First, you can in fact "regulate" by blocking, without trying to extend the reach of your laws outside of your border. Your claim that a regulator is left totally powerless is just false.

Second, in practice, that "hypothetical" is pretty close to what we have now, and even closer to what we had 10 years ago. The world did not end.

> UKs laws are dumb, but they should be free to enforce them for websites operating in the UK

Sure, as long as we recognize that "operating in the UK" properly means "is physically located in or controlled from the UK" and not "happens to be accessible to people in the UK". The latter definition would indeed be insane.

miki123211•50m ago
Another option is an anti-money-laundering like system.

It would need to be set up by an extremely powerful country, either the US or an alliance of smaller countries through international treaty.

It would work as follows:

There'd be a "naughty list." Anybody on the list would be arrested upon entering a participating country. This would include past or current company employees (if employed after the listing date). Companies from participating countries would be prohibited from interacting with listed organizations in any way, under treat of sanctions. This would include VPN, cloud and hosting companies, ISPs, domain registrars, email hosts, payment processors and ad networks. This would provide basic site blocking.

Foreign companies wouldn't be subject to the sanctions, but participating countries would also put them on the list.

vessenes•43m ago
You're aware this exists, yes? It's called the OFAC list. It's not generally used to list technologists or web sites related to speech, though, as far as I know.
cultureulterior•47m ago
> then no internet regulation can hold for any subject

Good

vessenes•44m ago
Preston talks about this in an earlier blog post. It's a matter of UK law and, I'd bet, many countries, that they have the sovereign right to legislate about matters in and outside their borders. "If Parliament says smoking in Paris is illegal, it is illegal." What's different today than when that doctrine was conceived of is: data goes everywhere, communications are decentralized, international cooperation around especially data allows nations to enforce their own rules outside their own borders by treaty.

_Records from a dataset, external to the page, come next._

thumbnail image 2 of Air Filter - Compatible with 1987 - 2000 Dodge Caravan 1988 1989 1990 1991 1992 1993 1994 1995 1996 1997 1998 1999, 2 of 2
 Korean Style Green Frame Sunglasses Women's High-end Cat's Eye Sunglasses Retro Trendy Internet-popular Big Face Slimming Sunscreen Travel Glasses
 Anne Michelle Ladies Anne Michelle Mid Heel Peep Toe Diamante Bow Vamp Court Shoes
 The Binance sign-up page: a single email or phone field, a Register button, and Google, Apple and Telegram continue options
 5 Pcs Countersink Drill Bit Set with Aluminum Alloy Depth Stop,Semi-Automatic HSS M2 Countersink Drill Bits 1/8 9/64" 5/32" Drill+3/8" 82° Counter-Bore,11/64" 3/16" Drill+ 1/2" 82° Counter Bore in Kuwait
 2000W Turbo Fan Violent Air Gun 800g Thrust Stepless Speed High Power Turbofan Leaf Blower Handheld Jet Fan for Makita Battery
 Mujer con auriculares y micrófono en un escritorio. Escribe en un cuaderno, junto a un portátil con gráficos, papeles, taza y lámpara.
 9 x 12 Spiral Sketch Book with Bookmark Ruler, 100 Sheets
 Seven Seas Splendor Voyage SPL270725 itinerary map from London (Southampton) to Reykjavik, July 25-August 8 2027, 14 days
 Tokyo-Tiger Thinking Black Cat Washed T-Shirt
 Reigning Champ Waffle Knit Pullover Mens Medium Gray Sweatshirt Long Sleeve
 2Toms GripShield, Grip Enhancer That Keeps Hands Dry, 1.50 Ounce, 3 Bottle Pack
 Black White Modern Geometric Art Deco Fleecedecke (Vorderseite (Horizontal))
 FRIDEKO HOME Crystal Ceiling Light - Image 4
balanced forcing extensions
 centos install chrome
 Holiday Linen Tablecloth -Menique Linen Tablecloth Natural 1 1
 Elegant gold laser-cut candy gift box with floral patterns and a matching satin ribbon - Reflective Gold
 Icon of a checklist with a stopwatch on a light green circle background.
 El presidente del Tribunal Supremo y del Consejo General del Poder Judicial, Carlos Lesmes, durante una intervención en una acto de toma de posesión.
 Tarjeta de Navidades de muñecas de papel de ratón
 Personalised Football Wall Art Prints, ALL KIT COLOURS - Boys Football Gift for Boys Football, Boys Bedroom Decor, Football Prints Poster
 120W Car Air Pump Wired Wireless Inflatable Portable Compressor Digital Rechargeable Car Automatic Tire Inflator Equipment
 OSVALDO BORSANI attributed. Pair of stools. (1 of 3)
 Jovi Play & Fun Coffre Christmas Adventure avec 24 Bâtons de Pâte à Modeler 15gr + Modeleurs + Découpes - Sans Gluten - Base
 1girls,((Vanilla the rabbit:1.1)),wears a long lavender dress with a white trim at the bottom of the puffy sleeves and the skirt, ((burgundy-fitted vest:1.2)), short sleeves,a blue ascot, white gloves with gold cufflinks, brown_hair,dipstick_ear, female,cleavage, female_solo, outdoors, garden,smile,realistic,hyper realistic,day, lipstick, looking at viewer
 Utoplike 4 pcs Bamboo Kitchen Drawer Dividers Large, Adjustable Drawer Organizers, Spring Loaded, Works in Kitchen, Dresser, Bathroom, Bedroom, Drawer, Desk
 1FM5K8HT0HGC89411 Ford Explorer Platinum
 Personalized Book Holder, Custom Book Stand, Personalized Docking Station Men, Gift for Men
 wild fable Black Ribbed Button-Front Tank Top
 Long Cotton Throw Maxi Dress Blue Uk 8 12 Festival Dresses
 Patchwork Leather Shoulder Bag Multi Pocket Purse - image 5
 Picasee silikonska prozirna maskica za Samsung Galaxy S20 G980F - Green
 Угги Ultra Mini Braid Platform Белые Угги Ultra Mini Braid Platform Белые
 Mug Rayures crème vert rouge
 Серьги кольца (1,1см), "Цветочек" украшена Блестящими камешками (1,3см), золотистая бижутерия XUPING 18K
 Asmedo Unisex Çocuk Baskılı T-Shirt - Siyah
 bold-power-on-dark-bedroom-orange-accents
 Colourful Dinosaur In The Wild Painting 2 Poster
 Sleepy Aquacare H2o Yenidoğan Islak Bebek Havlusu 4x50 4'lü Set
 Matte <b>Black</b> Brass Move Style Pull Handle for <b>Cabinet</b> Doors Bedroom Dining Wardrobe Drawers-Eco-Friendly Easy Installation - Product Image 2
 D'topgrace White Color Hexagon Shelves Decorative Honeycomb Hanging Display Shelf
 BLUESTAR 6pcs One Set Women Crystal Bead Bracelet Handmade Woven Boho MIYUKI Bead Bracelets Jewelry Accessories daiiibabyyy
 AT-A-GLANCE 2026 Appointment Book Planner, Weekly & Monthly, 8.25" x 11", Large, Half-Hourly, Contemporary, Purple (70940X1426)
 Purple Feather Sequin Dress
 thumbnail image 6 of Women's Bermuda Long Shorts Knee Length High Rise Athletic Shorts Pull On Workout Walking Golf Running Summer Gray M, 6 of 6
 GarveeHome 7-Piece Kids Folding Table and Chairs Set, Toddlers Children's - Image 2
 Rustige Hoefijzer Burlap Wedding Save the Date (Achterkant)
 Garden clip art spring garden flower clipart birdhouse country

What was known and not said when Parliament might have outlawed smoking in Paris is that there was literally nothing they could do to enforce such a law. Today the governments have options, hence the fight here. And many other places.

Hizonner•6m ago
> It's a matter of UK law and, I'd bet, many countries, that they have the sovereign right to legislate about matters in and outside their borders.

Basically all countries take that position legally. But there are norms and customs about how often you exercise it (as well as practical questions of power).

Extraterritorial regulation of Web sites is unfortunately in the process of being established as normal, but it's a bad norm. Not as bad as drone striking anybody who lights a cigarette in Paris (which could be made legal), but a bad norm nonetheless.

umanwizard•2m ago
[delayed]
fukka42•3m ago
The Americans take the same stance. See their obsession with copyright for example. You know, up until American companies violated those laws en masse in the name of profit and suddenly nobody cared.
dom96•1h ago
> Ultimately, what Ofcom is doing here is the perfect modern-day lesson lesson for why the First Amendment exists in the first place

The First Amendment was created to protect against foreign governments impeding on your speech?

I feel like that's really missing the point of what this amendment is about, at a time when the First Amendment is at greatest threat from the current US government.

ultra_nick•1h ago
Why are europeans so prone to authoritarianism?

I've heard they're arresting 12,000/year for "hate speech" now. Every month they come out with some new way to oppress their populations. Even China sounds like it has more freedom now.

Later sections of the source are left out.